Thread draw-off nozzles for open-end spinning devices have become known in the prior art in many different designs. The thread draw-off nozzles have the task of deflecting the spun yarn upon its drawing off from the spinning device, and of imparting a false twist to the drawn yarn. As a result, spinning stability can be substantially increased and a uniform yarn can be produced. When drawn off based on the rotation of the spinning rotor, the yarn circulates in the manner of a crank on the yarn deflecting surface of the thread draw-off nozzle, such that a relatively high temperature stress along with wear occurs at the thread draw-off nozzles, which can adversely affect the spinning process.

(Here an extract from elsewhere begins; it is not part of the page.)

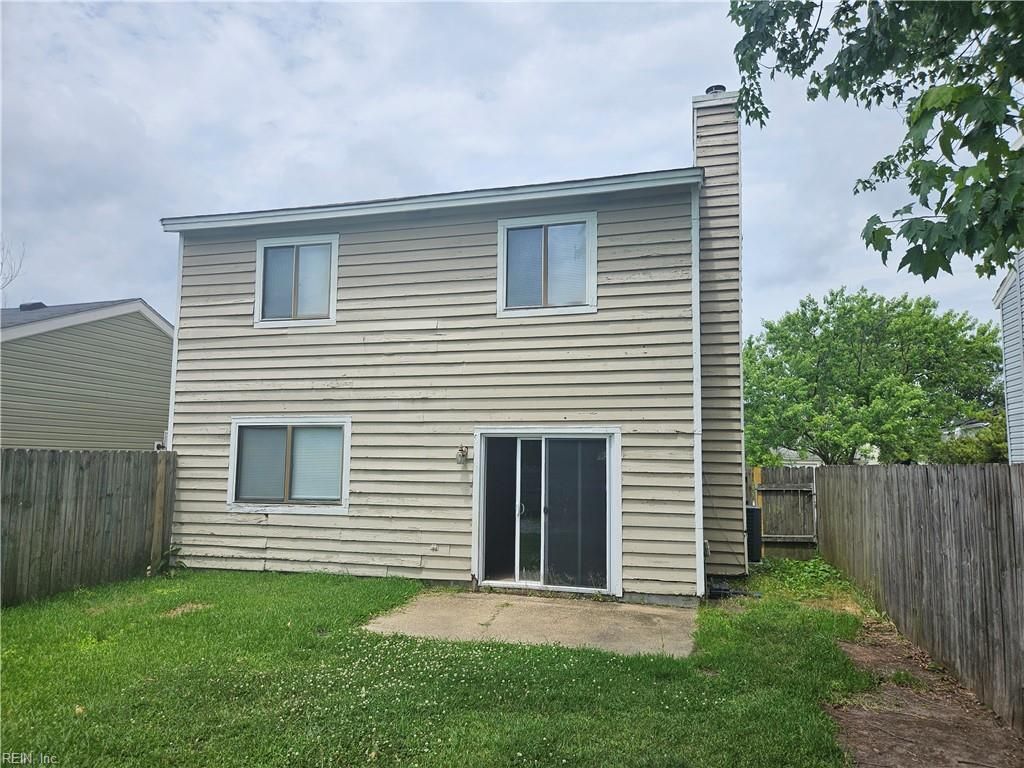 Photo of 1684 Guthrie Street, Virginia Beach, VA 23464 (MLS # 10637154)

Therefore, in the prior art, common draw-off nozzles are designed in two parts and consist of a nozzle insert that contains the yarn-deflecting surface and is usually made of a ceramic material, along with a nozzle frame that carries the nozzle insert and serves to attach the thread draw-off nozzle in the open-end spinning device. In order to fix the thread draw-off nozzle in the open-end spinning device in an interchangeable manner, and thereby, upon a change of the material to be spun, undertake an adjustment of the draw-off nozzle, the shank of the draw-off nozzle or the nozzle frame is provided with a thread, such that the thread draw-off nozzle can be screwed into the open-end spinning device. Such a thread draw-off nozzle is shown, for example, in DE 103 30 767 A1. In principle, thread draw-off nozzles of this type have proven themselves, but have a comparatively large space requirement. However, with today's requirements for ever-increasing productivity, which are associated with ever higher rotor speeds of 160,000 rpm and higher and ever smaller rotor diameters, problems with accommodating thread draw-off nozzles in the open-end spinning device are increasingly arising. Thus, in addition to the draw-off nozzle, the fiber feed channel must also be accommodated in the part of the open-end spinning device carrying the thread draw-off nozzle, which can also be designed in the form of a channel plate adapter, whereas both must be accommodated in an extension within the opening of the spinning rotor.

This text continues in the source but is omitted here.